[Provided data]
****************
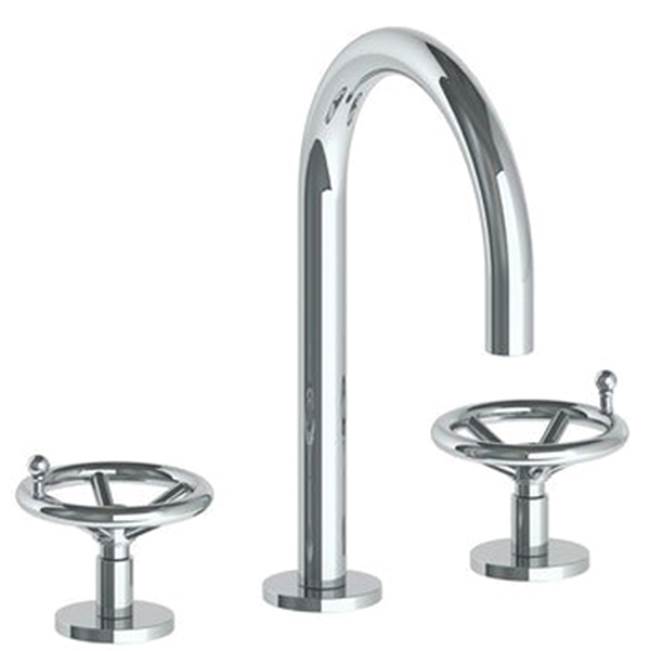Watermark 31-2G-BKA1 Brooklyn Deck Mounted 3 Hole Extended Gooseneck Lavatory Set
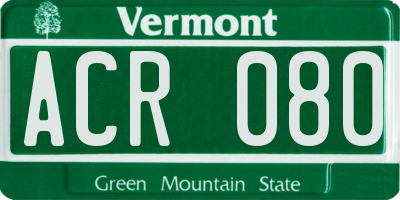 VT license plate ACR080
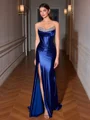 Sheath Straight Rhinestone Sweep Train Corset Evening Dress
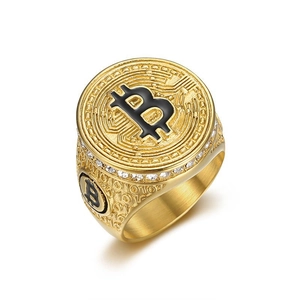 Bague Bitcoin pour homme plaquée or avec cristaux brillants et motifs de circuits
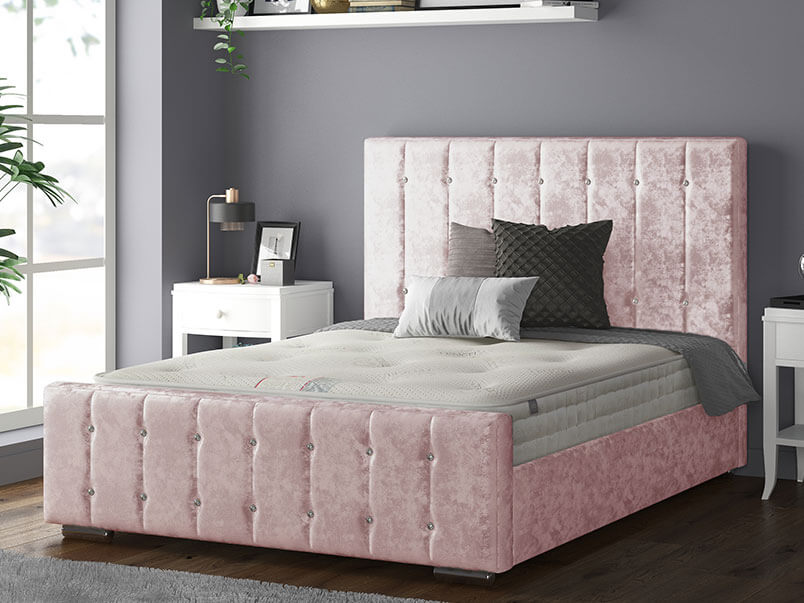 Anastasia Striped Bed Frame With Diamonds in Crushed Velvet Pink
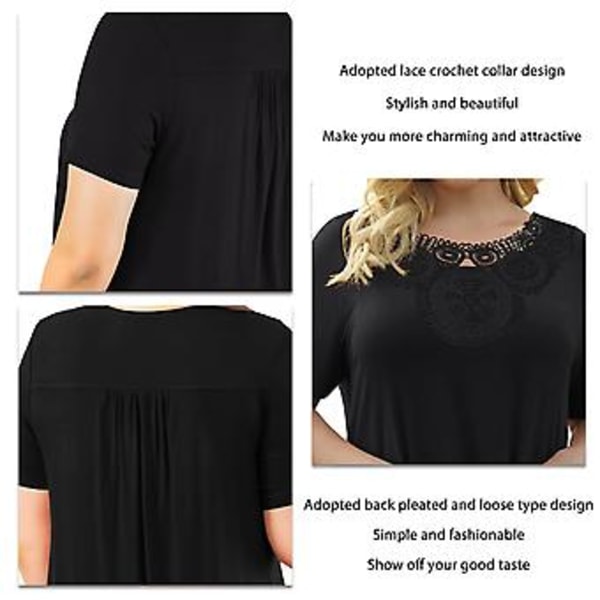 Dame Kortærmet T-shirt Blonde Hæklet Krave Plisseret Ryg Ensfarvet Sommer Top til Hverdagsbrug Sort L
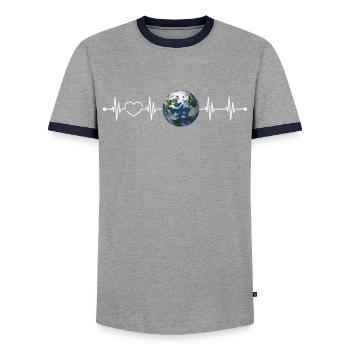 Erde - Männer Kontrast-T-Shirt - Grau/Navy  - Vorne - AI Model Female 172 light (172cm) & AI Model Male 178 light (178cm)
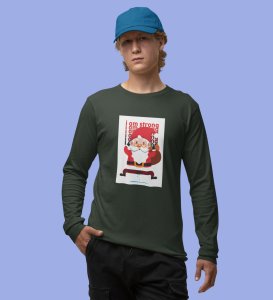 Angry Young Santa: Cute Santa DesignedFull Sleeve T-shirt Green Unique Gift For Secret Santa
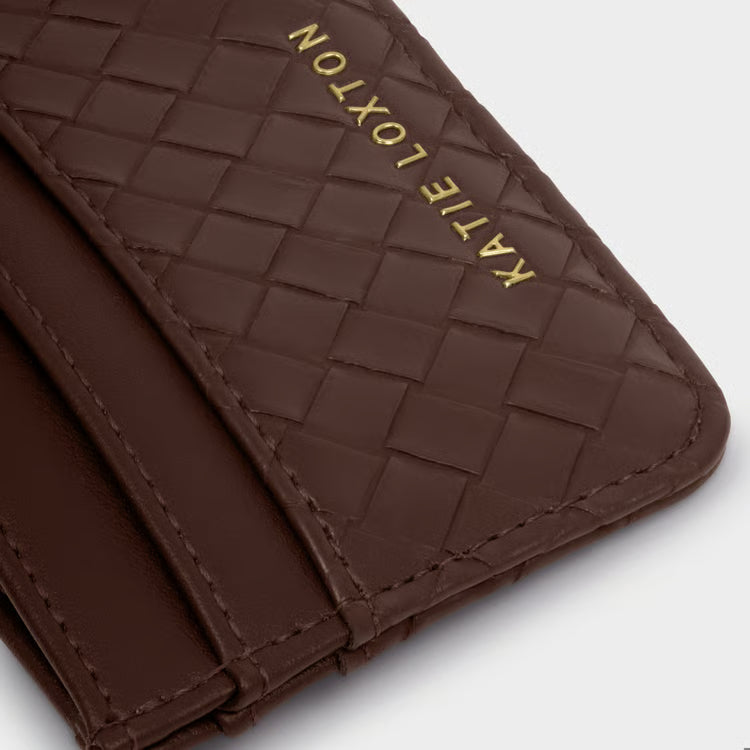 Nova Woven Texture Cardholder | Chocolate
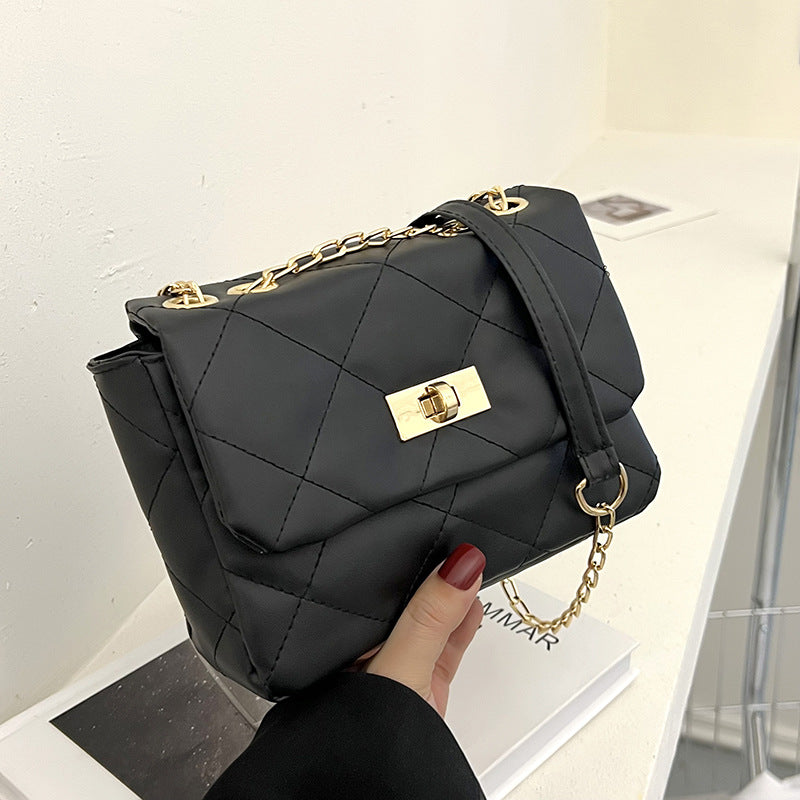 Women's Bag Spring New Fashion Rhombus Embroidery Thread Small Fragrance Small Square Bag All-Match Chain Messenger Bag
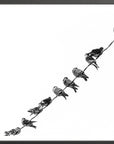 many birds on a wire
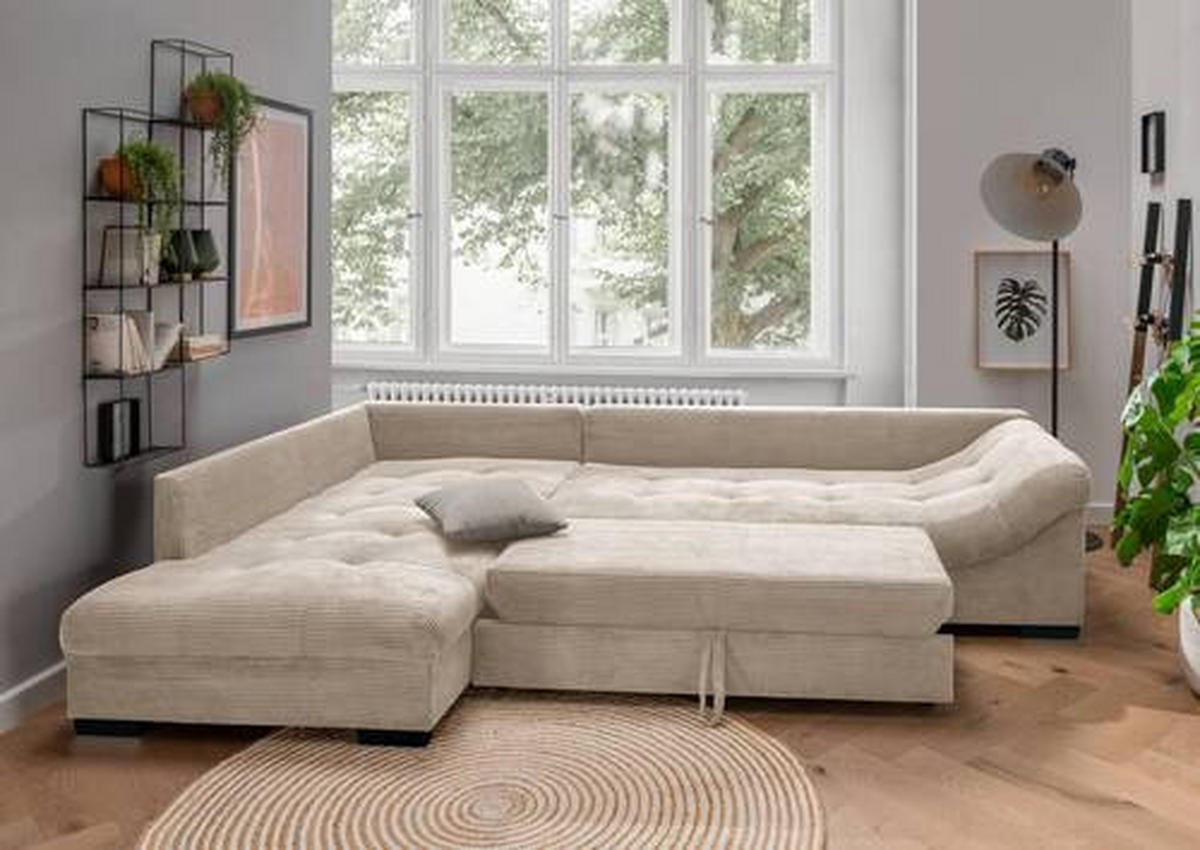 ECKSOFA in Cord Beige  - Beige/Schwarz, Design, Holz/Textil (202/298cm) - MID.YOU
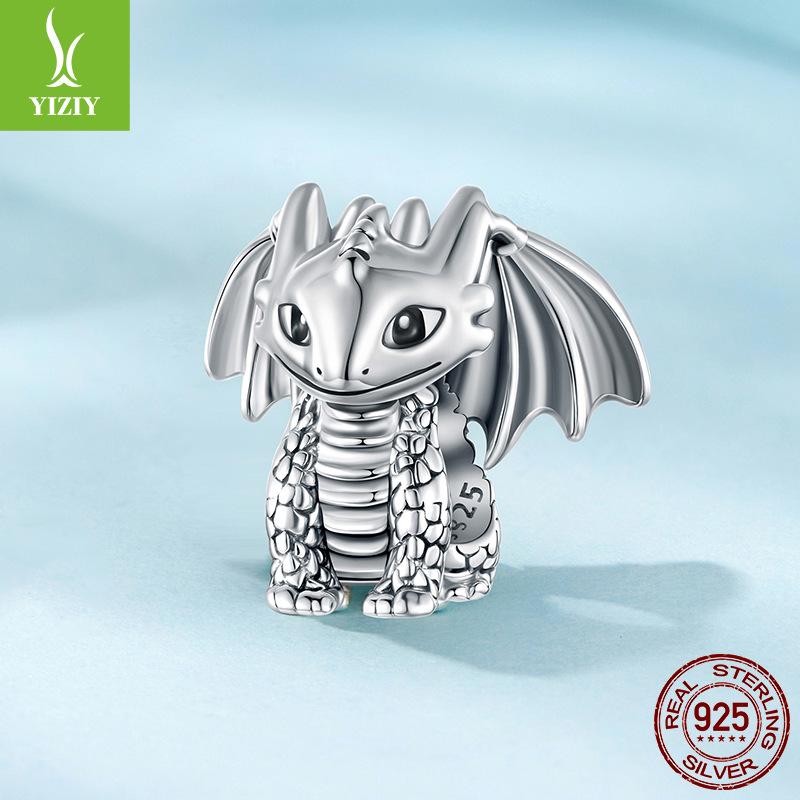 S925 Sterling Silver Exquisite Three-Dimensional Dragon Beads, Fun And Cute Texture Diy Bead Jewelry Accessories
****************
[Task goal] The lines to retype begin with the one containing "Dame Kortærmet T-shirt" and end with the last line of the records. Reproduce them exactly and omit the pictures.

[Answer below]
 Dame Kortærmet T-shirt Blonde Hæklet Krave Plisseret Ryg Ensfarvet Sommer Top til Hverdagsbrug Sort L
 Erde - Männer Kontrast-T-Shirt - Grau/Navy  - Vorne - AI Model Female 172 light (172cm) & AI Model Male 178 light (178cm)
 Angry Young Santa: Cute Santa DesignedFull Sleeve T-shirt Green Unique Gift For Secret Santa
 Nova Woven Texture Cardholder | Chocolate
 Women's Bag Spring New Fashion Rhombus Embroidery Thread Small Fragrance Small Square Bag All-Match Chain Messenger Bag
 many birds on a wire
 ECKSOFA in Cord Beige  - Beige/Schwarz, Design, Holz/Textil (202/298cm) - MID.YOU
 S925 Sterling Silver Exquisite Three-Dimensional Dragon Beads, Fun And Cute Texture Diy Bead Jewelry Accessories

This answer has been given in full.